Nice picture. Any video? 

I ran it through some editing software to see if I could clean it up...Didn't work out too well, but it's at least cropped.


----------



## K-man (Oct 18, 2011)

Thanks for the editing. I do have video but it all happened so fast I don't have much video before the shot and after the shot they left in a hurry. The video only shows me bringing the cobia up and spearing some lionfish prior to the action. I don't have experience with editing so it may take me a little time, but I'll see what I can do...


----------



## aquatic argobull (Mar 2, 2009)

Cool. Good for you man, that's one damn cool thing to see. A herd of muscle-bound (tasty) predators.


----------



## Hangover (Aug 5, 2013)

Big set of stones required...apparently.

But seriously, is it a given that the shark will usually get scared away with the shot leaving you to just deal with the wounded fish? Ballzy to shoot Cobia off of sharks. I did see a ton of Cobia following a whale shark on the 3 mile barges or Coal barges in Pensacola a few years ago. Didn't have a speargun, but the thought did cross my mind.


----------



## K-man (Oct 18, 2011)

I don't think it is a given at all. I was ready in case the shark returned.
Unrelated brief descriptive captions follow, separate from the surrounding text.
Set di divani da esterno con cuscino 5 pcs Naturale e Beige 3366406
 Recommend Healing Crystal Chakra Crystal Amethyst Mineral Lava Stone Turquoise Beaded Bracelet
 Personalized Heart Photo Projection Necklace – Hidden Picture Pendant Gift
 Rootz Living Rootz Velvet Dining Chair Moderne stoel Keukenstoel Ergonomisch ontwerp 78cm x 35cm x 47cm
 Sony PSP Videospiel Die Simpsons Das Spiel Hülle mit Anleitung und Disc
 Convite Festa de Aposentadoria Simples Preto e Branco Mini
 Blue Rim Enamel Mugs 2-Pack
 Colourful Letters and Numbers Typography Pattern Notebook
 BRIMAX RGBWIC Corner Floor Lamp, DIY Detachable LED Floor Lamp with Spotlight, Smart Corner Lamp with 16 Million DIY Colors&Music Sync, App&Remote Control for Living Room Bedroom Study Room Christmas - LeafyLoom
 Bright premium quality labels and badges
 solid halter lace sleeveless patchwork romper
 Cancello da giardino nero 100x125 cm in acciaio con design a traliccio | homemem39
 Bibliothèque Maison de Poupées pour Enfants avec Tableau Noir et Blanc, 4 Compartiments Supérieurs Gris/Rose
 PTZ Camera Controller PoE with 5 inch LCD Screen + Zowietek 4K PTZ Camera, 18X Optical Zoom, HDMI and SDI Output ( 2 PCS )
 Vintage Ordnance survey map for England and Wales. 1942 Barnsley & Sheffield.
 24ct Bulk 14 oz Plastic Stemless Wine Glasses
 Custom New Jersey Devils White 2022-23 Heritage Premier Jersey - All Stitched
Heck it seems that every other time you shoot a fish a shark will show up anyway so...

Don't get me wrong I wouldn't shoot just any fish near a shark but a nice legal COBE was too much to turn down. We had killed off all the lionfish anyway and were heading up.

There is a little bit of "do you feel lucky" involved but it happens so fast


----------